Nagaland’s key cities remained shut for the third day Friday with mobs, protesting 33 per cent reservation for women in urban local bodies, blocking the highway between Dimapur and Kohima as authorities scrambled to quell the violence a day after the Kohima municipal council building and several government and private offices were set ablaze. Five additional companies of Assam Rifles were deployed Friday to step up the presence of security personnel on the ground.

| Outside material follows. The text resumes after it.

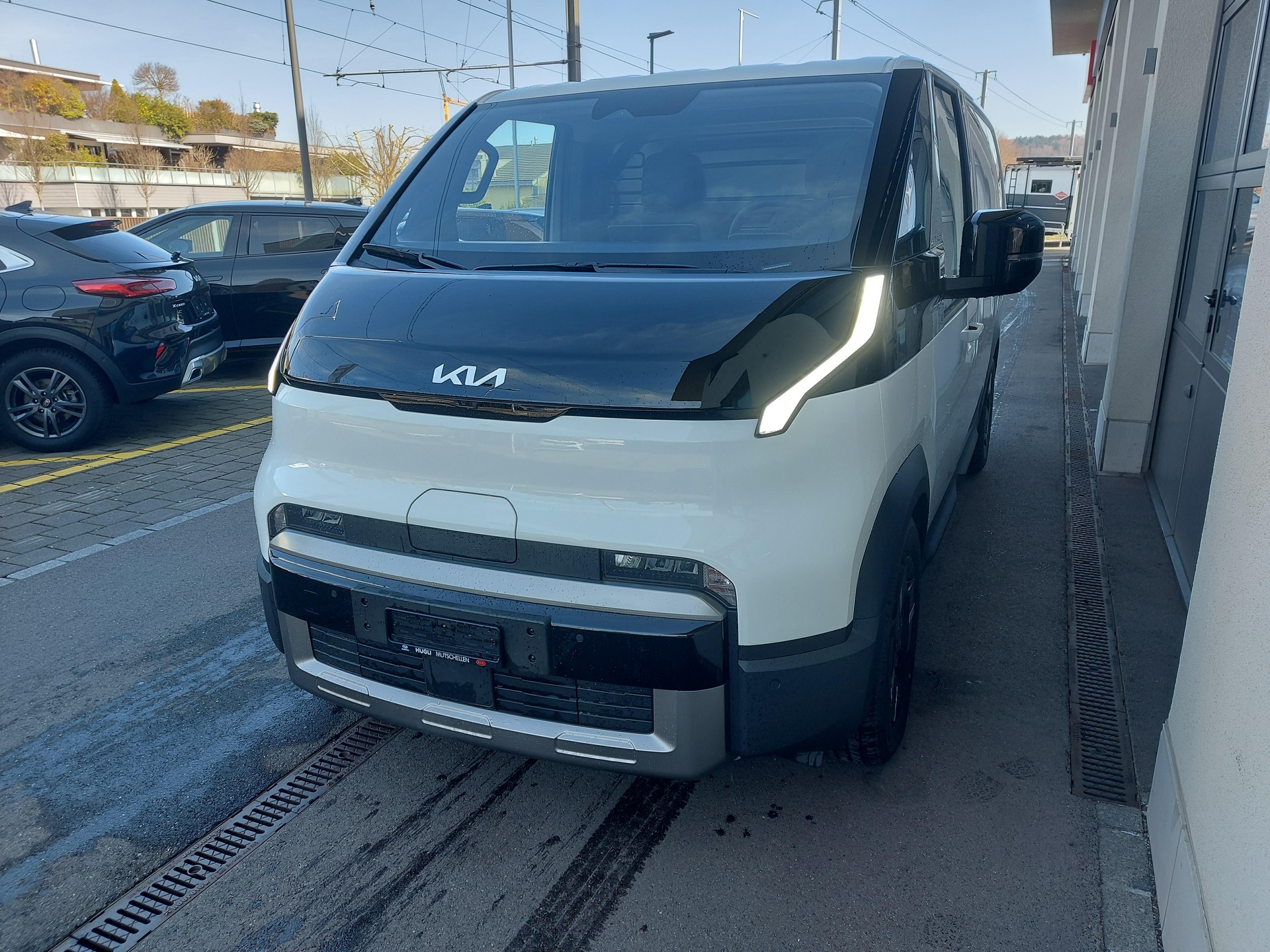KIA PV5 Cargo 51.5 kWh Essential-image-1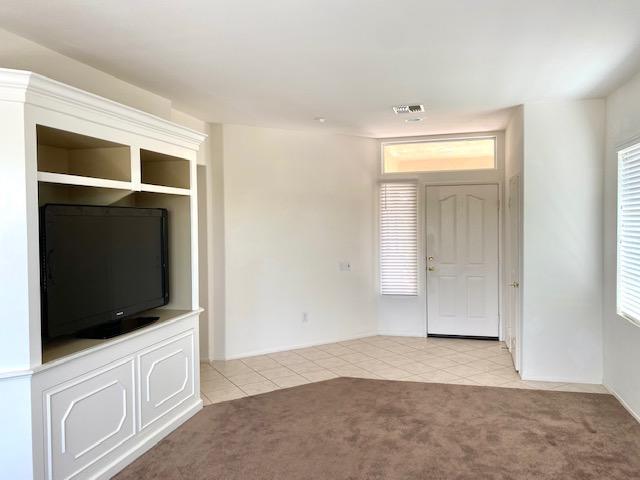 Building Photo - 78235 Estancia Dr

Parts of Dimapur and Kohima remained under curfew and there was no movement of vehicles across the inter-state gates in Dimapur. Mobile services including SMS and Internet also remained suspended across the state — services were switched off on January 30 to prevent the spread of rumours. Hundreds of people alighting in Dimapur, which has the state’s lone railway station, have been stranded due to the indefinite bandh and curfew.
Chief Minister T R Zeliang met Governor P B Acharya Friday evening to discuss the situation. The Nagaland Tribes Action Committee (NTAC), spearheading the protests, too met the Governor and submitted a memorandum. Earlier in the day, Zeliang issued a statement saying he was distressed by the “unfortunate turn of events in the last few days”.
Rejecting calls to step down, especially after two protesters were killed in police firing in Dimapur Tuesday, Zeliang appealed to people not to indulge in “senseless vandalism and arson”, reminding them violence had no place in a civilized society like that of the Nagas. He also appealed to social media users to be responsible and desist from spreading rumours which would further confuse people.
Speaking to The Indian Express over phone from Kohima, Nagaland DGP L L Doungel said: “The situation is still tense, but definitely under control. The crowds have dispersed after bodies of the two youth killed in police firing on Tuesday were buried in Kohima this afternoon. There is perceptible improvement in the situation, and Friday remained incident-free in both Kohima and Dimapur.”
The indefinite bandh called to protest the holding of municipal and town committee elections with 33 per cent quota for women, and then to seek the ouster of Zeliang following the death of two youths in Dimapur, continued Friday. According to the DGP, protesters have blocked the Dimapur-Kohima highway at several spots. “We have, however, kept tight vigil in both cities. Curfew is on at select places in Kohima and Dimapur where there is still some possibility of trouble,” he said.
On Thursday evening, angry mobs set ablaze the Kohima municipal council building and adjoining offices, including those of the regional transport authority, excise department, state information commission and a railway passenger reservation service office. The Kohima press club too was destroyed. Protesters gathered in thousands at the main junction in Kohima to demand the resignation of Zeliang and his cabinet. They surrounded the bodies of the two youths — Khriesavizo Metha and Bendangnungsang — from Thursday night to Friday afternoon when they finally buried them near the Old Secretariat compound.
The NSCN (IM), which waged insurgency for decades in the Naga hills before agreeing to a ceasefire, condemned the police firing in Dimapur and called for resolving differences “through dealing space and time for a negotiated settlement” between the state government and all stakeholders.